Der Regie-Coach, Sybrand van der Werf, sieht den Sinn in der Produktion, dass junge Künstler*innen, die an ihren Hochschulen viel zu wenig Möglichkeit zum Experimentieren haben, hier gemeinsam eine „frische Haltung“ zum Material finden – ganz anders als gewohnt, möglicherweise auch ganz verkehrt.
Es gelingt dem Team, das Chaos, das ja sowieso die Fairy-Queen-Geschichte bestimmt, noch weiter zu verwirren. Zwar trifft man liebe alte Bekannte, wie den hinterhältigen Puck, die Feenwelt mit Titania und dem eifersüchtigen Oberon, die immer die falschen liebenden Athener jungen Leute und die tumben Handwerker, die Pyramus und Thisbe sterben lassen, aber sie spielen auch noch Doppelrollen und tauschen Geschlechter: das Durcheinander ist komplett, die Handlung weicht einem Pasticcio. Dies bezieht sich auch auf die Musik. Purcell hat keine durchkomponierte Oper hinterlassen, sondern irgendwie geeignete Gesangs- und Musik-Nummern verwendet – als Gattung ist „Semi-Opera“ ausgewiesen; handlungstragend sind vor allem die gesprochenden Texte. Aber es gibt dennoch viel schöne Musik, von den grosso modo überzeugenden Sänger*innen und vom ausgezeichneten „Ensemble Mozaique“, der „Rheinsberger Hofkapelle“ von 2020/21, auf historischen Instrumenten vorgetragen, angeleitet von Clemens Flick.
Am Schluss des Abends meint man, Pucks Blumensaft erwischt zu haben und alles durcheinander und falsch zu sehen – oder auch nicht. Entweder man stürzt sich ins vergnügliche Chaos oder bleibt außen vor. Der Anspruch der „frischen Haltung“ ist erfüllt.
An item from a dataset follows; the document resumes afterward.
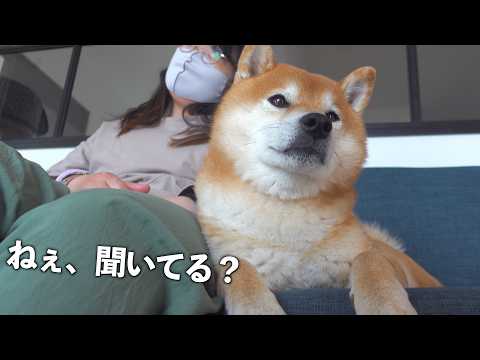柴犬に話しかけ続けた意味が、やっと分かった気がします。 サムネイル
Jetzt werden die Tage immer kürzer, der Winter droht, doch danach kommt der nächste Rheinsberger Sommer: Was er genau bringen wird, ist in Planung und Vorbereitung, die in der Grundstruktur steht. Welche Besonderheiten 2024 möglich werden, hängt freilich auch davon ab, zusätzliche Geldgeber zu finden.